Domon, Melcarne and Ramello (2019)
|Domon, Melcarne and Ramello (2019)|
|Title:||Digital piracy in Asian countries|
|Author(s):||Koji Domon, Alessandro Melcarne, Giovanni B. Ramello|
|Citation:||Domon, K., Melcarne, A. And Ramello, B. (2019) Digital piracy in Asian countries. Journal of Industrial and Business Economics, 46(1), pp. 117 - 135|
|Key Related Studies:|
|About the Data|
|Data Description:||Data were obtained from surveys issued to undergraduate students in China, Vietnam, Korea and Japan, totalling 400 random respondents (100 per country). Variables included respondent location, demographic information, and psychological aspects e.g. feelings of guilt when engaging in piracy. A regression model was used to determine the impact of these variables on the overall likelihood to engage in piracy.|
|Data Type:||Primary data|
|Secondary Data Sources:|
|Data Collection Methods:|
|Data Analysis Methods:|
|Cross Country Study?:||Yes|
|Government or policy study?:||No|
|Time Period(s) of Collection:||
“Piracy has been one of the most flamboyant topics in the legal and economic literature of the last two decades. The increased importance assigned to copyright in national economies determined the imposing of this issue as one of the leading voices in the exports of many developed countries. However, the impact of several disruptive innovations (such as the internet and all its related technologies) has weakened the original role of copyright, thus stimulating a wide scholarly literature. While the core of this stream of literature has in general considered consumers like potential infringers and tried to check the impact of piracy on sales and industry profits, a few papers have considered the behavioral perspective. This aspect becomes crucial if one wants to take consumers’ viewpoint into account, while studying the inner factors that led them to infringe copyright. Yet, behavioral law and economics literature teaches us that beside any normative claims, the individuals’ compliance to the law depends on a complex interaction of factors including risk perception, size of sanctions, psychological determinants, and cultural values which jointly determine the social norms that must be properly understood in order to make efficient laws. If a handful of papers have already tried to gain insights on consumers’ behavior in western countries, the issue is still largely neglected in many countries in the rest of the world. This paper takes advantage of a survey conducted through field research in four Asian countries, (China, Japan, Korea and Vietnam) in order to provide an innovative picture of consumers’ behavior and sketch out some more general policy implications.”
Main Results of the Study
The study finds that local, non-legal rules and social norms are more fundamental to determining piracy than legal frameworks:
• Firstly, the study concludes that gender and economic justifications (e.g. cost-saving) have no significant correlation with determining engagement with piracy.

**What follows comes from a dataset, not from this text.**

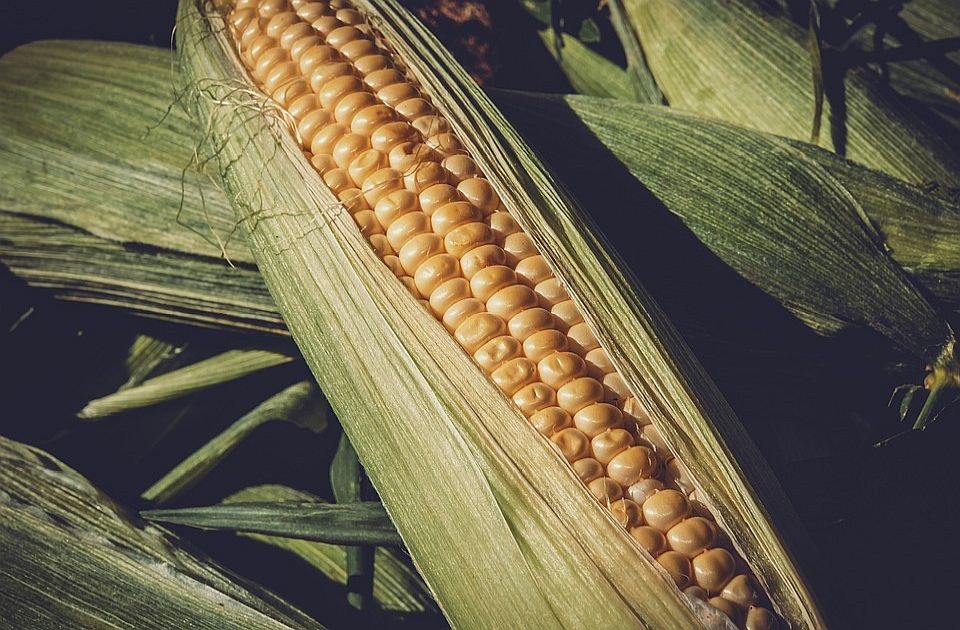 Cena kukuruza u padu za 12,4, a pšenice za 6,6 odsto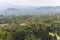 View on jungle around Borobudur temple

• Secondly, the data suggests that piracy behaviours diverge even across countries with similar legal frameworks. People in China and Korea are more likely to use P2P networks, whereas people in Japan are less likely to engage in piracy. The authors note that Japan and Korea have similar copyright systems, yet the differences between suggest this is not a determinant of piratical behaviour.
• Thirdly, in measuring feelings of guilt when engaging in piratical behaviour, the study finds that this impacts likelihood to engage; for example, people in Japan are least likely to use P2P, and correspondingly feel the most guilt when engaging in such behaviours. As such, having dismissed the significance of the copyright legal system, variance in ethical standards and social norms across countries are more likely to determine likelihood to infringe.
Policy Implications as Stated By Author
Having concluded that social norms have a stronger impact on behaviour than the legal framework, the authors suggest: (i) that a “one size fits all” approach to tackling piracy is inappropriate, and each country would be better to adopt their own tailored actions, and (ii) if persistent social norma and the legal framework diverge greatly, legislators may be better to look at the former for guidance.